Books

Boyfriend material

As you would probably expect from a British comedy, in Boyfriend material there are loads of characters. And they are just so particular in their ways. You can’t help but crack up whenever they grace the pages. Starting from Luc’s colleagues from work who try their best to understand and make jokes that fail spectacularly. Then, Oliver’s peculiar group of friends who are overbearing. But, have their heart in the right place and should most definitely be kept away from alcoholic beverages.

Sure, sometimes the humour is very pointed and exaggerated but it all feels natural to the characters. As long as you take some of the comments with a grain of salt, I think you’ll enjoy the humour.

Synopsys

Luc O’Donnell is tangentially and reluctantly famous. His rock-star parents split when he was young. The father, he’s never met, spent the next twenty years cruising in and out of rehab. Now, that his dad’s making a comeback, Luc’s back in the public eye, and one compromising photo is enough to ruin everything.

To clean up his image, Luc has to find a nice normal relationship. Oliver Blackwood is as nice and normal as they come. He’s a barrister, an ethical vegetarian, and someone who has never inspired a moment of scandal in his life. In other words, he’s perfect boyfriend material.

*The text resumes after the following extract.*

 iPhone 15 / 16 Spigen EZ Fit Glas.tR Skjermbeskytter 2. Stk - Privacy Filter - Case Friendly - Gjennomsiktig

Unfortunately, apart from being gay, single, and really in need of a date for a big event, Luc and Oliver have nothing in common. So, they strike a deal to be publicity-friendly (fake) boyfriends until the dust settles. Then they can go their separate ways and pretend it never happened. But the thing about fake-dating is that it can feel a lot like real-dating. And that’s when you get used to someone, start falling for them, don’t ever want to let them go.

My comment

Boyfriend Material reads less like fiction than fanfiction. No one acts their age. We have an angsty protagonist and a plethora of silly side characters who express themselves using a sort of lingo.

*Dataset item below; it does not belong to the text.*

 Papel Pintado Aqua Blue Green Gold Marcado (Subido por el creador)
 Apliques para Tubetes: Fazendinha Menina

The novel’s sitcom-like structure was predictable and often unfunny. Luc O’Donnell’s friends, colleagues, and acquaintances had very one-dimensional roles. We have the straight friend who is always having a crisis at work (one more ludicrous than the other); the lesbian friend who is short and angry; the gay couple that share the same first and last name (and are both referred as James Royce-Royce) and have opposing personalities; a few ridiculously posh characters (who had no clue of anything related to contemporary culture or social norms); the fanciful French mother (who is very much the British idea of a French person), the estranged rock star father…

Luc

Luc was so self-centred and monotonous that I soon grew tired of him. He has few genuinely funny lines: when he’s told not to give up, he replies: “But I like giving up. It’s my single biggest talent”.

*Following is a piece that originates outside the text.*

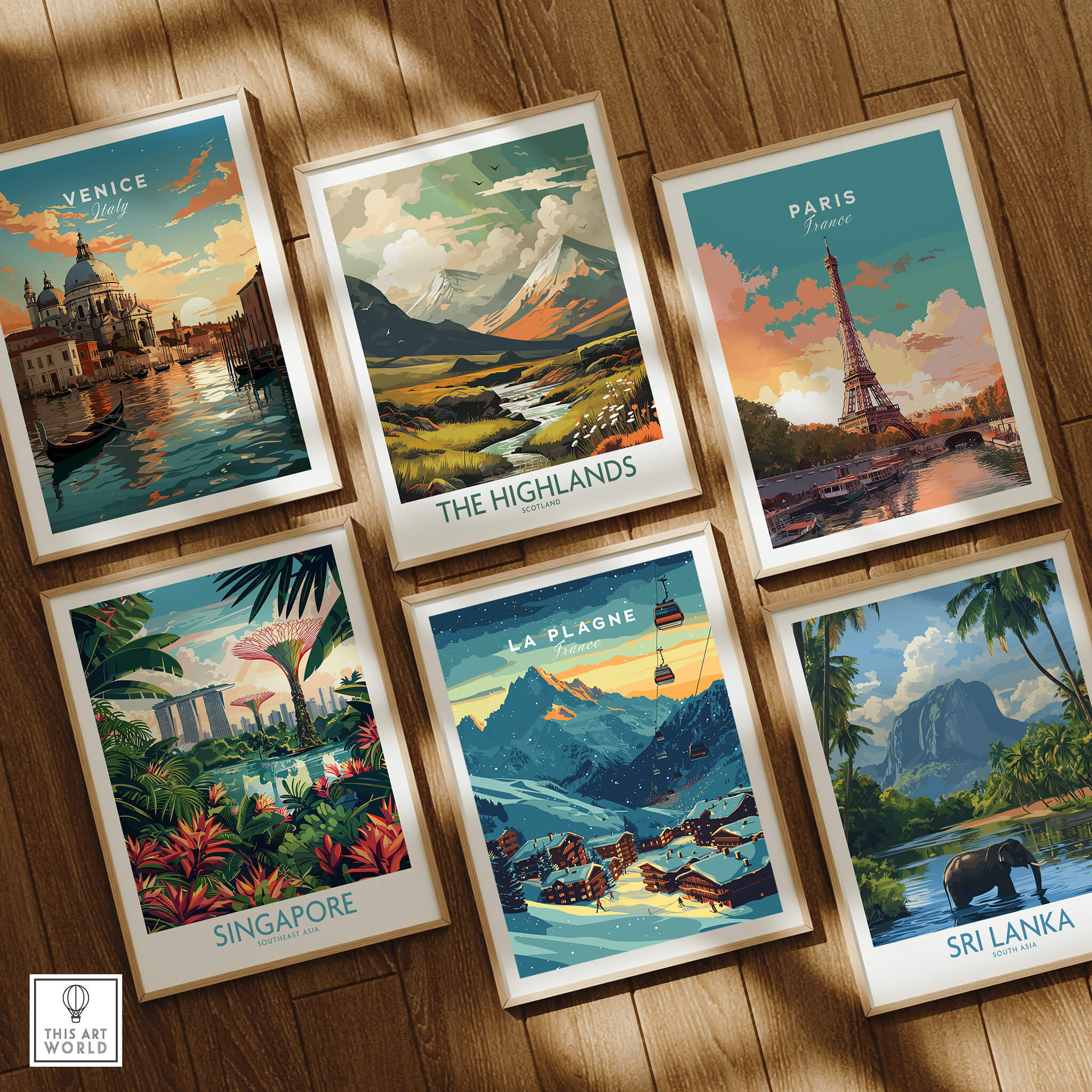 La Plagne Print France among other travel posters including Venice, Paris, and Singapore, showcasing stunning artwork.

The narrative tries to make us sympathise with him because he’s been sold-out by his ex-boyfriend and because his dad had no interest in acting like a father. Those things aren’t great but they don’t make his self-pitying narcissism any less annoying. Most of the conversations he has with other people, Oliver in particular, revolve around what he has experienced, what he feels, wants, and fears. I just wish he hadn’t been so focused on himself as it made him rather unlikable.

The other characters are really unbelievable and behave unconvincingly. They did not act or speak like actual human beings.

Vegetarianism

The running gags were just unfunny. Most characters treat Oliver’s vegetarianism as if it was an obscure dietary lifestyle. Luc’s posh colleagues doesn’t understand his jokes. Welsh characters accuse Luc of being racist against Welsh people. This is annoying me because they kept throwing around the word ‘racism’ when it had nothing to with racism. Luc not knowing about Welsh history or culture is not racism.

The romance never grabbed me as Oliver was such a stilted character as to be difficult to believe in. Luc often acted like a child with Oliver which made their romance a bit… cringe-y.

Wrap up

So, Boyfriend Material is a laugh-out-loud story about a hot mess of a guy fake-dating his polar opposite to save his reputation. A book that brings all the feels and will surely keep you flipping those pages late into the night!